Main Content

Cottage industry or production line data handling methods

Archive - Originally posted on "The Horse's Mouth" - 2006-06-07 06:20:11 - Graham Ellis

If you're running a cottage industry, for efficiency's sake you'll run the first process on each of your raw components first, and store the partially-completed elements in a basket as they're processed. When you've completed that first process, you'll then apply the second process to each element in turn, then the third process, and so on. For small scale production, that's a much MUCH better use of your time and resources that setting up all processes in what's probably a very small area and trying to take components through from end to end.

But if your level of throughput is to be several magnitudes greater, the cottage industry approach doesn't work and you'll want, in a bigger area, to set up a production line. You'll have more overheads, as each stage of the line will need someone to operate it, but you'll save on the need to store large numbers of intermediate components, and you'll save on the time spend putting down and picking up components at each stage too.

Data handling flows can resemble a cottage industry or a production line .... and it depends on how much data you have as to which approach will be the most effective.

In Shell Programming, using a series of operations each of which reads from a file, and saves out to a file with > style redirects, is your cottage industry approach. Using a pipe - | is more production line, with a buffer usually of 4k between the processes.

In Python, functions such as range and readlines return complete lists which you subsequently use - cottage industry. Alternatives such as xrange and xreadlines are generators which are running in parallel with their calling code and so are your production line. And you can write your own generator functions; you can spot them in existing code if you see the yield keyword.

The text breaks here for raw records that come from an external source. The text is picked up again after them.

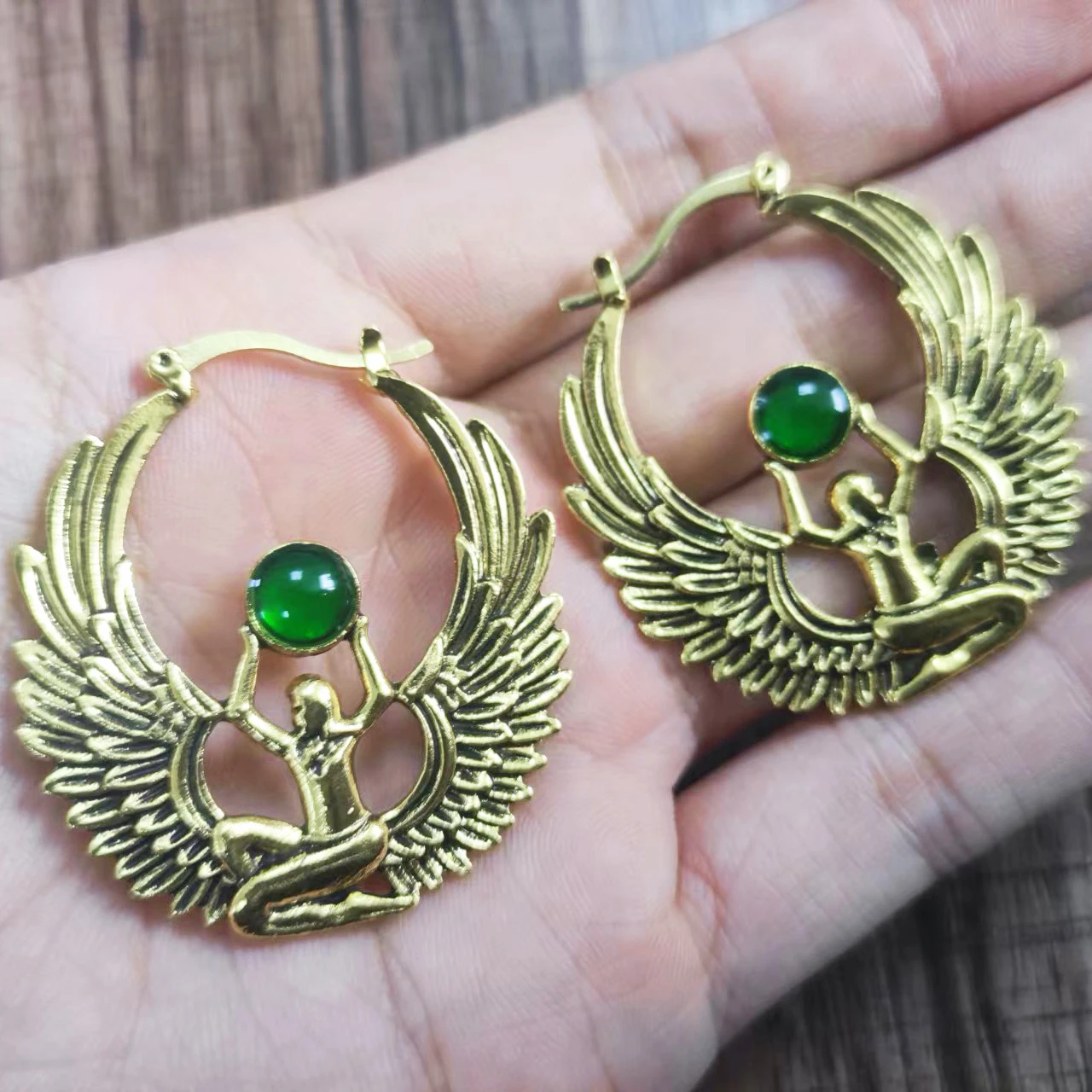 Ancient Egyptian Mythology Goddess Isis Wings Earrings for Women Vintage Egypt Gold Color Hoop Earrings Jewelry Wholesale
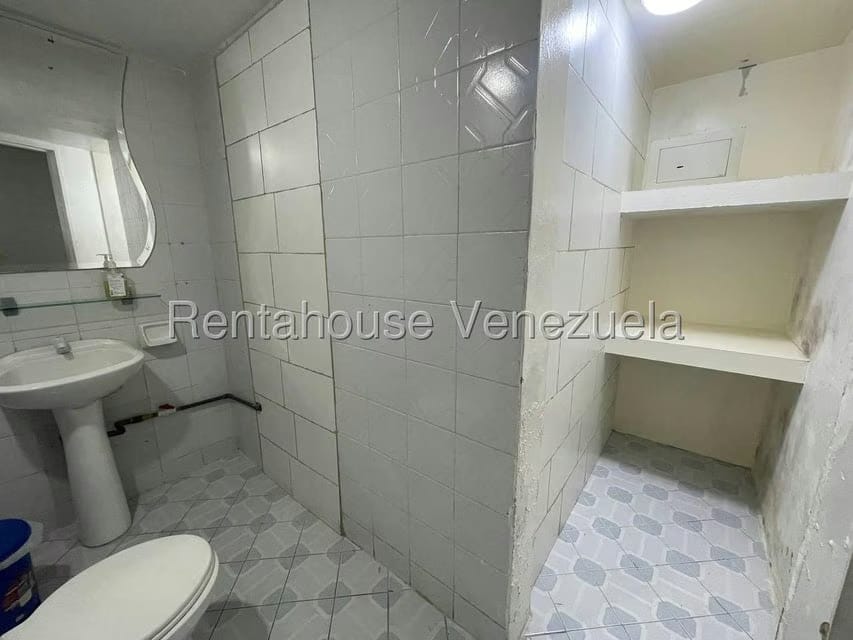 Comercial (Consultorio Medico) en Venta en Centro, Lara - 12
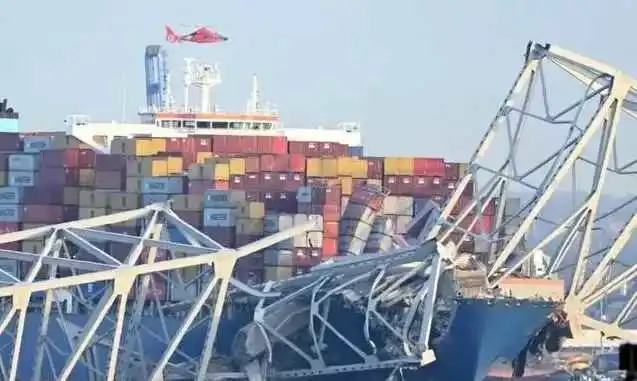 集装箱货撞塌美国大桥,港口关闭,美国马里兰州进入紧急状态!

As well as using the cottage industry / production line comparison, I also compare the one-at-a-time approach to being akin to filling up a reservoir from one process, then using the reservoir until it's empty from another. If you have a huge amount of data, then you're likely to overflow your reservoir and have your program fail. However, running the processes at the same time is rather like joining them with a pipe, with a tap that is turned on and off each time a new chunk of data is required. This is how I've successfully trained clients who have data files up to 10Gbytes in size to handle their data in easily written Python scripts.